◆ **Given information**
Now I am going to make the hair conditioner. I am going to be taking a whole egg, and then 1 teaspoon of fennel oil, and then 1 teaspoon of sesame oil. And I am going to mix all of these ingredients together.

* * *

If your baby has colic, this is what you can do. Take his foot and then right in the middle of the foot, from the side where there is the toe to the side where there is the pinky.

* * *

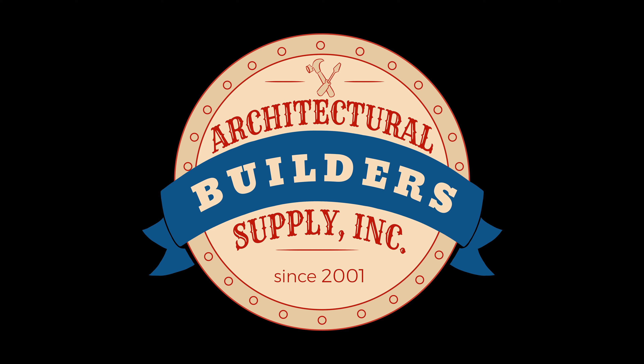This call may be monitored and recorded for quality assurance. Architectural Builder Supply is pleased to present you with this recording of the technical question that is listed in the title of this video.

◆ **Activity**
Your answer must be a single number: how many lines of the entries above contain the string "then".

◆ **Exercise solution**
2